While sin should never be condoned, it also shouldn’t completely disconnect us from others. It is one of the few things all of us universally have in common. We are all sinners saved by grace. We have all fallen short and done things we are not proud of. Therefore, as we watch others stumble through life and experience the pain and baggage of sin, we should not sit watching in self-righteous indignation at their foolishness, but should rather be like Jesus who went out of His way to meet the Samaritan woman and offer her newness of life.

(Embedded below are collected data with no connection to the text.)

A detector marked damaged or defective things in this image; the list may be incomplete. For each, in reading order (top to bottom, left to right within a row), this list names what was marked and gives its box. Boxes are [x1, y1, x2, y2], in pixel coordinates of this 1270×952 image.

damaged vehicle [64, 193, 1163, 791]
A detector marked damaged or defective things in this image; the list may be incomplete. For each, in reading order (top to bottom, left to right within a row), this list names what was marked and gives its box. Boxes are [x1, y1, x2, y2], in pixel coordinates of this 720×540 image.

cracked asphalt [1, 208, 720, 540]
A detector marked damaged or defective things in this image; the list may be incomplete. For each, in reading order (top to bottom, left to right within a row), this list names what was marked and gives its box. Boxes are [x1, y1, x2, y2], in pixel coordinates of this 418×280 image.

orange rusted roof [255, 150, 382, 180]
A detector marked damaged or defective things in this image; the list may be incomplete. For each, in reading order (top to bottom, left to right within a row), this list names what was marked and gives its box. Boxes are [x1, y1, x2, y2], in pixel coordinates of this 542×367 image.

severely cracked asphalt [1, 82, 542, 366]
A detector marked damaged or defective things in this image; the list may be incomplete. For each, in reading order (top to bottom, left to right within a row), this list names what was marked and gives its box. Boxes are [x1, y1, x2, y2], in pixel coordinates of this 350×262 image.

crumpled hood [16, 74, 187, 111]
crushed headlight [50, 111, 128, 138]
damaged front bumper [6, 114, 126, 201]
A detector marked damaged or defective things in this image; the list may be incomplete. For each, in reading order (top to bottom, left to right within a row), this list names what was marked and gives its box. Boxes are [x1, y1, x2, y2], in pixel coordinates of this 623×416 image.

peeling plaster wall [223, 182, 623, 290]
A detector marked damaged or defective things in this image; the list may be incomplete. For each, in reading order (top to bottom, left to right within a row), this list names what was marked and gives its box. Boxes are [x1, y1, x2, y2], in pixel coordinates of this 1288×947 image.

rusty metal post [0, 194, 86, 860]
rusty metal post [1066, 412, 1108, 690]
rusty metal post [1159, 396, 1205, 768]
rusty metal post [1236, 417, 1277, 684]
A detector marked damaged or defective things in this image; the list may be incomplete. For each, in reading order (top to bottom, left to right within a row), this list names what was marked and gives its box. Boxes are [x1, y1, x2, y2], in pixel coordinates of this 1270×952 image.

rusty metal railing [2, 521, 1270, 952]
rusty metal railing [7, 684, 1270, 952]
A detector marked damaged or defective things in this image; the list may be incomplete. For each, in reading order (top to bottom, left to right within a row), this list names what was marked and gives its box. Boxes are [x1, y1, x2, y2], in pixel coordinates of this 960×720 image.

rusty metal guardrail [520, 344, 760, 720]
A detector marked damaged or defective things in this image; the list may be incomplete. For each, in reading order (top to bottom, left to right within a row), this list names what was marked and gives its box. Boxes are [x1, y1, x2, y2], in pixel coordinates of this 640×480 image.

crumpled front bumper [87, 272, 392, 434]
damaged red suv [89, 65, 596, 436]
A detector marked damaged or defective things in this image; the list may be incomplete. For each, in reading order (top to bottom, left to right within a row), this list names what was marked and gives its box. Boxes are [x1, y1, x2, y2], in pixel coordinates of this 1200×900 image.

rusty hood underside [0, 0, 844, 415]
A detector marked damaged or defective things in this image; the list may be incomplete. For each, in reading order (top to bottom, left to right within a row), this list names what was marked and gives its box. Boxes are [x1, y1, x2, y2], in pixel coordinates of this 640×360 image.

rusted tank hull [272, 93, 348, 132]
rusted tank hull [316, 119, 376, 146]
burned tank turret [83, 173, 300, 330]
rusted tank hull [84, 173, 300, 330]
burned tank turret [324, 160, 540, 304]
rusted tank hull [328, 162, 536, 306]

So will we choose to see people as Jesus does? Will we step outside our comfort zone and meet our personal versions of the Samaritan woman? Are we willing to look past the hard exterior and broken lifestyle and see the hurting person behind the mask and the human being created in the image of God and immensely loved by Him?
While the disciples were clueless and ignorant of many things, they had been around Jesus long enough to know that He often did unpredictable and unconventional things. Therefore, when the disciples arrived at the well after grabbing some supplies, they knew better than to ask questions. They didn’t question Jesus’ conversation with the woman or the fact that He was even talking to a woman. I’m sure they wondered and had plenty of questions they could have asked, but they had been with Jesus long enough to know that Jesus didn’t always do the expected.
May we be like the disciples and be prepared for the unexpected as we follow Jesus. And who knows? We may find ourselves in an unlikely place having an unusual conversation with the least likely person at the most unexpected of times. God moves in mysterious ways. Our job is to simply follow Him and love the people He places in front of us.